# FDS Mini Project


**WARNING: Before making any git commit to this notebook please clear all output in this notebook**

## 1. Cleaning the data

### Invalid Columns: 
- delete unnamed column which was serving as index (index already exists - duplicated column)
- delete last column (contains only NaN values) - 'Unnamed 21'

### NaN values:
- check number of NaN values/location of NaN values
- leave NaN values that are required in order not to lose data (for example: a cancelled flight will always have NaN values for DEP_TIME, ARR_TIME, ARR_DEL15, DEP_DEL15 - as the flight did not happen)
- delete NaN values that would incommodate analysis and plotting later on (for example, flight timings that are simply missing without the flight having been cancelled)

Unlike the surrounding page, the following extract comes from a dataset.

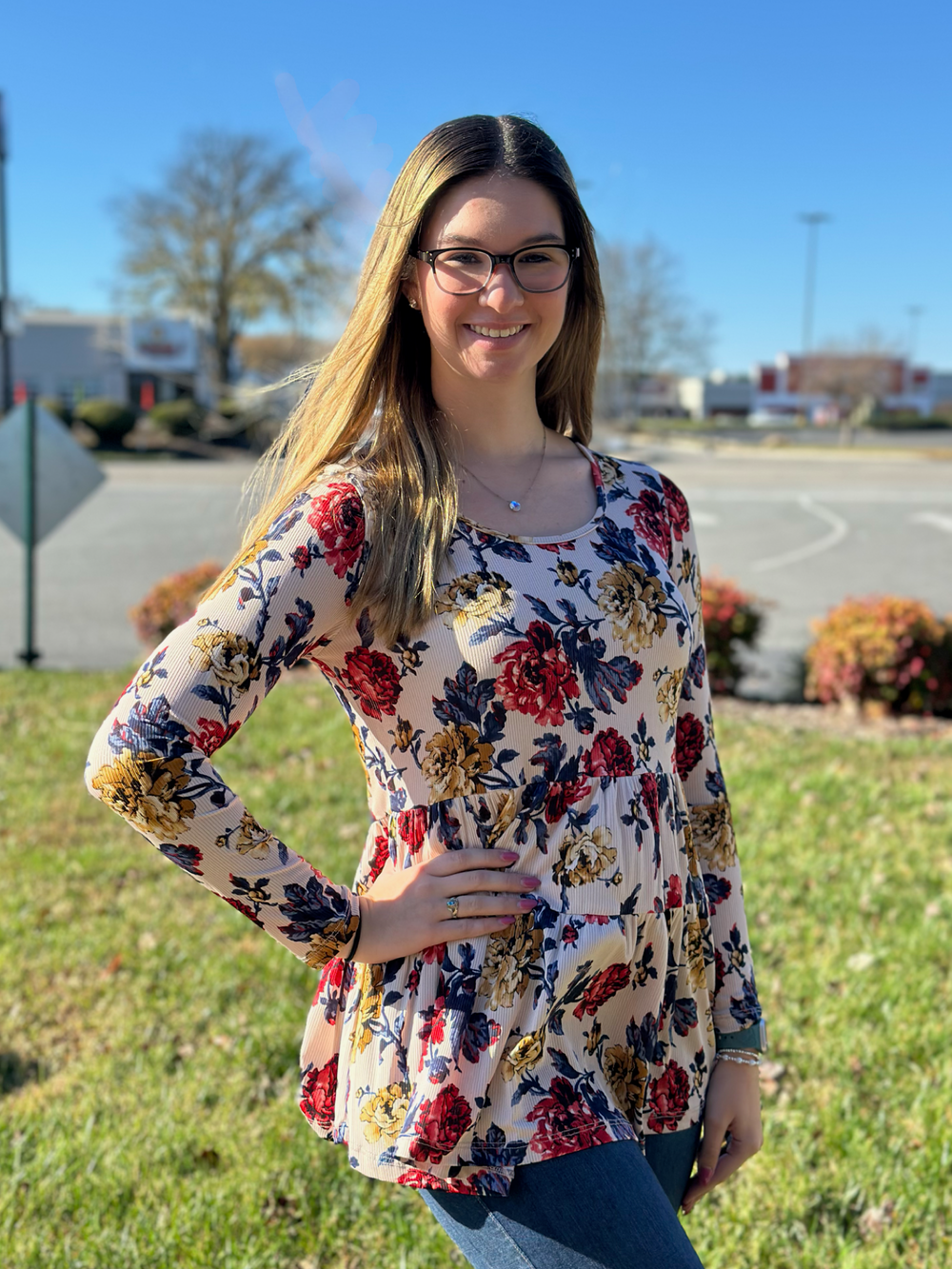 Ivory Floral Ribbed Top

### Times conversion (Note: 00:00 timings all represent cancelled flights)
- observation --> no flight leaves at 00:00, all *00:00 date/time values belong to flights that have been cancelled*
- converted DEP_TIME and ARR_TIME to 4-character string of the format: hhmm (error when attempting to convert to date/time) 
- added two extra columns: ARR_TIME_MINS and DEP_TIME_MINS representing the arrival and departure time in minutes for easier calculations

### Irrelevant columns (to this project) to be removed/ duplicated data:
- Remove both OP_CARRIER_AIRLINE_ID and OP_CARRIER
- Remove ORIGIN_AIRPORT_SEQ_ID
- Remove DEST_AIRPORT_SEQ_ID





In [63]:
import os
import pandas as pd
import numpy as np
import seaborn as sns
import datetime

#--------------------------------------- Load dataset ------------------------------------------#
flight_data_path = os.path.join(os.getcwd(), 'datasets', 'flight_jan_2019.csv.gz')
flight_data = pd.read_csv(flight_data_path, compression = 'gzip')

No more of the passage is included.